The final grade on the Buffalo Sabres' 2011 free-agent signings remains incomplete because of the lockout. Christian Ehrhoff and Ville Leino are both coming off subpar seasons, but then again so is 95 percent of this team's roster. So will Buffalo's free spending last year hurt them down the road?
The answer is yes, even though there are a lot of undetermined factors still left to play out.
When a new CBA is finally signed, will the cap come down as much as the NHL wants it to?
And will the league be able to punish teams guilty of circumventing the cap under the previous CBA's terms?
If the season started today, the Sabres' cap number would be more than $4 million over the forecasted figure (around $60 million). That would mean the Sabres would have to face losing a significant piece of the puzzle just to get under that dollar ceiling.
This dilemma can be directly attributed to their signing of Leino, for whom many felt Buffalo grossly overpaid. Six million dollars in the first year to score eight goals and 25 points is impossible to justify.
So is giving a guy a six-year deal for $27 million after he has career highs of 19 goals and 53 points.
The Sabres had already made two splashes before the beginning of free agency on July 1 last summer. They had traded for Robyn Regehr as well as for Ehrhoff's rights, which they turned into a controversial 10-year, $40 million deal that we'll touch on shortly.
The big fish, though, of that thin UFA class was Brad Richards.
Although the Sabres were thought to be in the running for him, he ended up picking New York over LA when he signed with the Rangers.
With him off the market, Buffalo overreacted.
They had improved the defense but had come up empty at adding any scoring. And so they settled for Leino.
So, if the Sabres are faced with making a move to get under the cap once (or if) the season starts, there is absolutely no chance they will find someone to take on Leino at $4.5 million a season.
That means they'd have to look at unloading someone like Drew Stafford or Andrej Sekera. Come summer of 2013, will they have the cap room to go after the likes of Cory Perry or Ryan Getzlaf?
As for the other big-name acquisition last offseason, Ehrhoff's contract may also hurt the Sabres in the near future. However, it wouldn't be for the same reasons as Leino's.
Buffalo signing Ehrhoff to the deal we mentioned earlier isn't the problem.

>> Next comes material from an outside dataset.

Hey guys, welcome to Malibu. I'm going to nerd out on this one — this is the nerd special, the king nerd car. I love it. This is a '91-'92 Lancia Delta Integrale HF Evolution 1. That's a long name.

Four million dollars a season for a defenseman of his caliber is a bargain in today's NHL.
The issue is with the front-loading that we've seen in numerous other contracts league-wide.

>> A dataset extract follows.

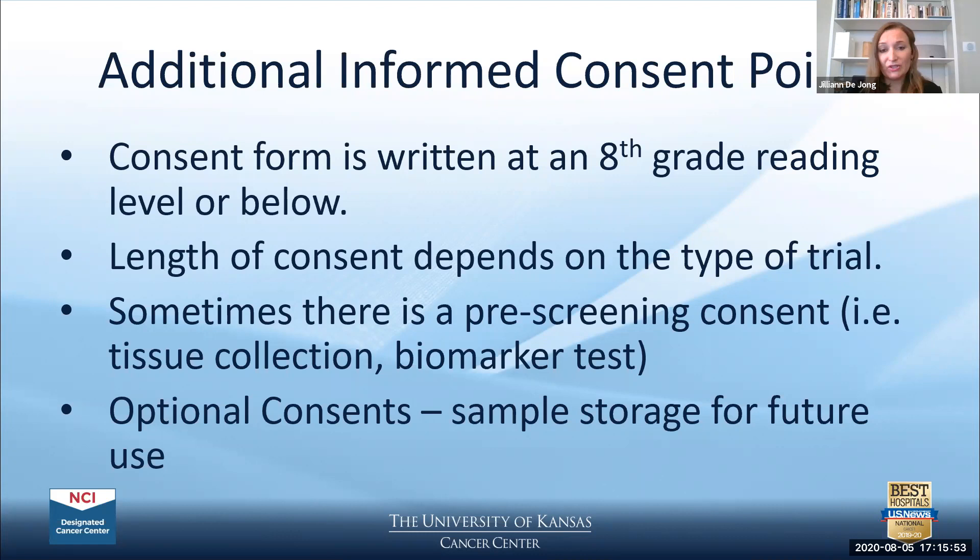Some consents have optional consents embedded within the form, where participants can opt in or out for additional procedures like biopsies. The participant would agree yes or no, and typically must initial and date or sign that page demonstrating that they want to participate in the optional portion — again, that would be entirely their choice.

Now, for whatever reason, Gary Bettman and Co. seem intent on holding teams accountable for something they allowed to happen. Every single one of these contracts has to be approved by the league, so in essence they were complicit in allowing these teams to cheat the system.

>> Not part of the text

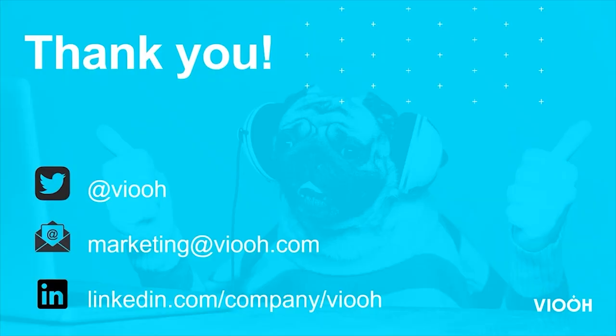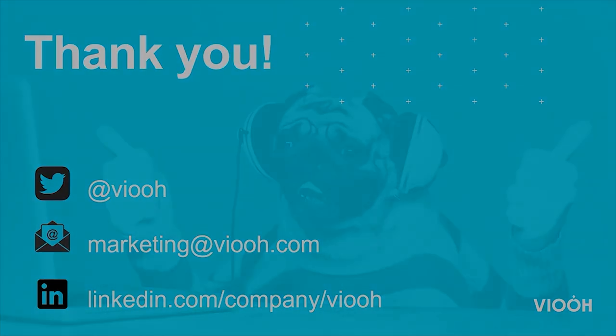That's it from me. If you'd like to find out more about any of these case studies, or just hear from VIEW and gain insights of the work that we do, you can follow us on Twitter with the handle at Vue, email marketing at Vue.com, or please do follow us on LinkedIn. Thank you very much.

Marian Hossa, Roberto Luongo and Henrik Zetterberg all signed deals that were heavily front-loaded. Yet the NHL chose to make an example of Ilya Kovalchuk and the New Jersey Devils.
Greg Wyshynski of Yahoo! Sports thinks that the Sabres and several other teams may be next:
What this provision does is punish not only the teams that circumvented the cap during the "hey, EVERYONE'S doing it" days, but also the teams that tried to sneak in under the wire before the CBA expired: Shea Weber's 14-year contract, matched by the Nashville Predators after it was handed out by Ed Snider; Zach Parise and Ryan Suter's 13-year deals that drop significantly in 2022; and going back to last summer, Christian Ehrhoff's preposterous contract with the Buffalo Sabres in which he earns $6 million in the last four years and $34 million in the first six.
The provision he speaks of would put these teams on the hook for a cap hit every year of the deal, even if the player leaves or retires. For instance, if Ehrhoff retires after the seventh year of the contract, the Sabres would still see his $4 million hit for the following three seasons.
Whether this attempt by Bettman to wipe the egg off of his face is successful or not remains to be seen.
What we do know, though, is that the Sabres free-agent decisions in the summer of 2011 may slowly come back to haunt them.